Sulle coste rocciose che orlano il borgo di Carema, nel tratto canavesano della valle della Dora Baltea, si adagiano i vigneti da cui si ricava l’omonimo vino, il Carema DOC.

Comprese tra 350 e 700 metri, alle pendici del monte Maletto, le vigne si sviluppano in verticale, sul versante sinistro della valle, grazie alla paziente opera dell’uomo, che ha modellato il paesaggio con terrazzamenti a secco scanditi da muretti di sostegno e schiere di pilastrini in pietra di forma tronco-conica (pilon) su cui poggiano i graticci che sorreggono le viti. La coltivazione, favorita dai terreni morenici trasportati dal fondovalle, ricchi di depositi detritici del ghiacciaio valdostano in ritiro, è a pergola (topion), con traverse di supporto in legno di castagno e i tralci legati ad esse, per resistere ai forti venti della valle.

La natura a Carema si fa architettura per l’intervento dell’uomo che, per regolarizzare ad uso agricolo le pieghe della montagna, ha disegnato, scavando i gradoni nella roccia, ciclopiche scalinate ondeggianti, così simili nelle sequenze di pilastrini che si susseguono a distanza costante a schemi romanici e gotici di logge continue e archetti ciechi (Cavallari Murat).

Il disciplinare prescrive per il Carema, dal tipico bouquet di rosa macerata, l’uso di uve Nebbiolo, nelle varietà locali Picutener e Pugnet, per una quota minima dell’85%, in concorrenza con uve a bacca rossa non aromatiche raccomandate per la provincia di Torino, e ne impone l’invecchiamento minimo per tre anni (quattro per la tipologia Riserva).

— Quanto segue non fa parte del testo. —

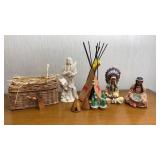 Carved Resin Native American Figures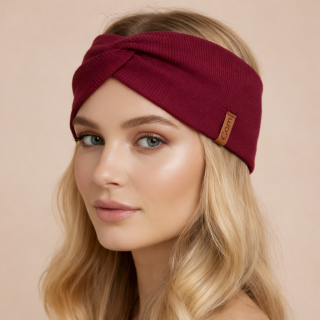 Čelenka křížená žebrovaná BORDÓ 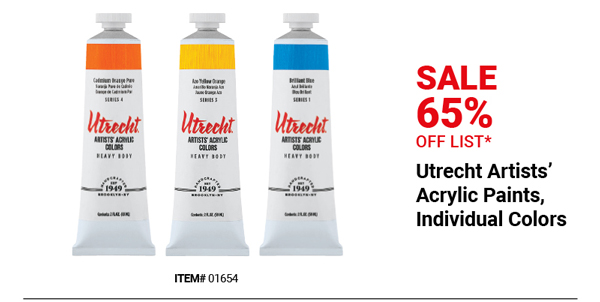 Utrecht Artists' Acrylics Paints, Individual Colors Sale 65% Off List*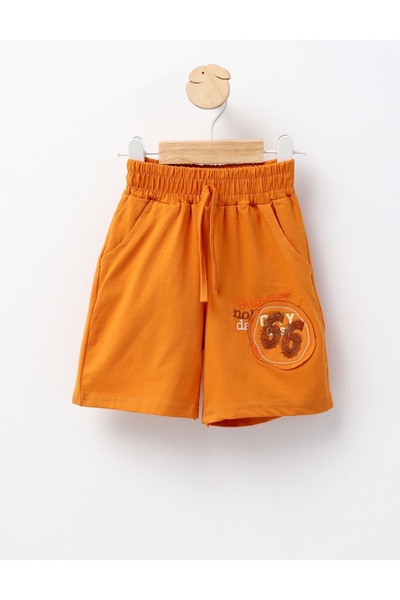 MiniKids Καλοκαιρινά σορτς για αγόρια, τούβλινο χρώμα.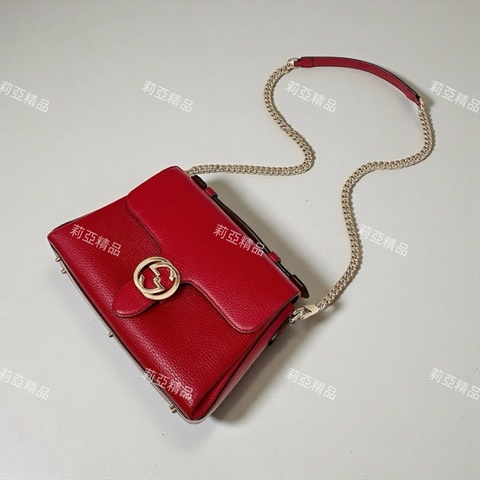 莉亞精品♡Gucci 510302 風琴郵差包 紅 二手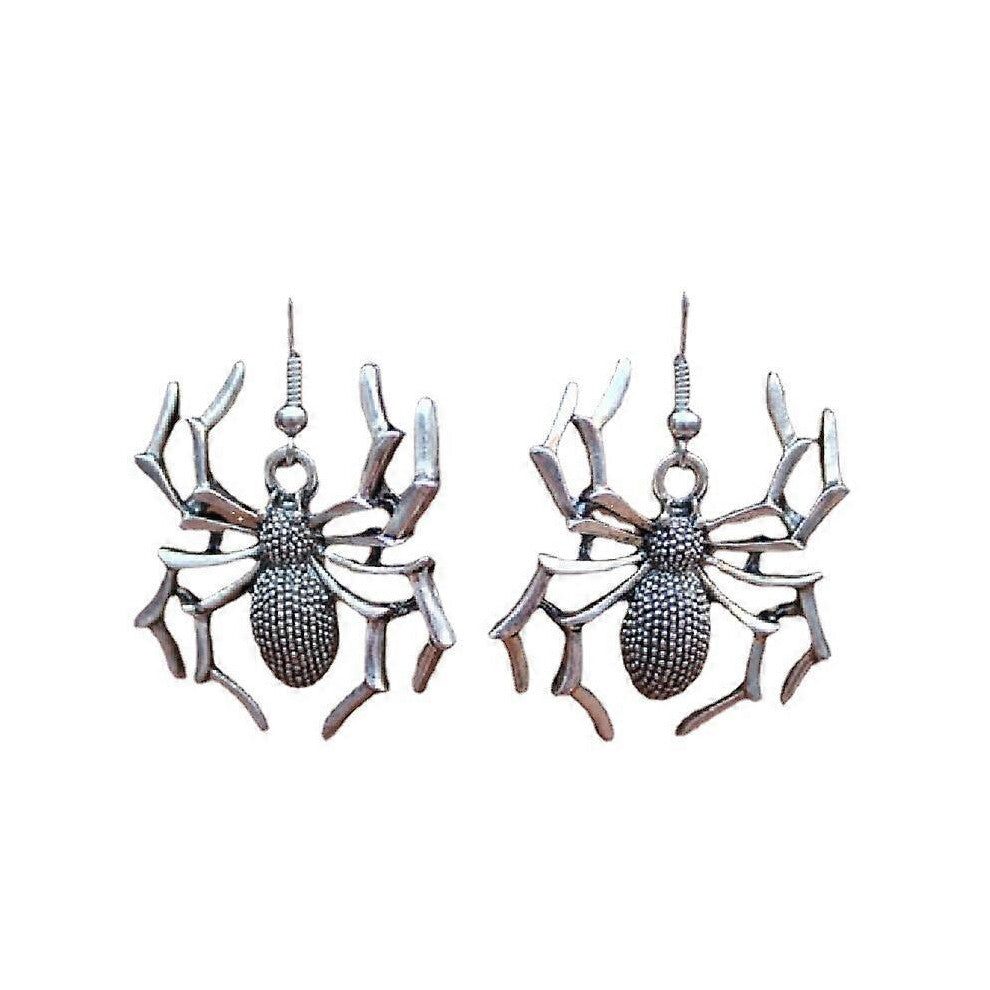 (As show, One size) Plated Retro 3D Punk Big Spider Charm Tassel Drop Dangle Earrings(1 pair, silver)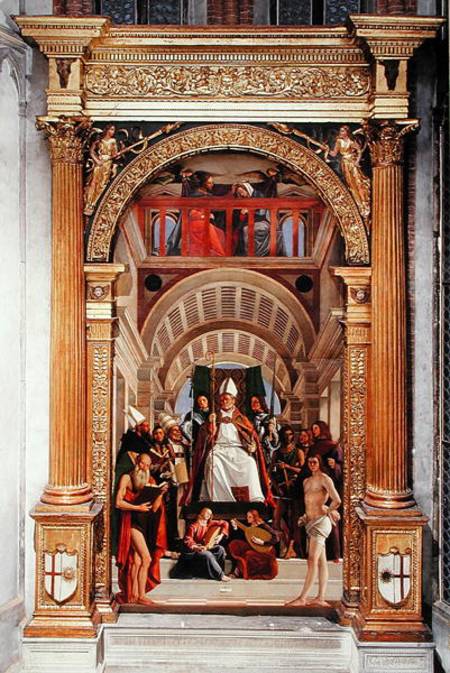 Saint Ambrose with saints from the Altarpiece of Saint Ambrose from Marco Vivarini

La Fondazione Slow Food ha di recente inserito il vino di Carema tra i suoi Presìdi con l’obiettivo di salvaguardare questo importante sistema di saperi, che rischia di andare perduto per più cause concomitanti: le problematiche connesse a gestione e manutenzione, totalmente manuali, dei vigneti (tali da richiedere uno sforzo pari a quattro volte la manodopera di un normale vigneto), il basso ricambio generazionale (l’età media dei coltivatori è elevata), la ridotta produttività delle vigne (da 50 a 80 quintali per ettaro).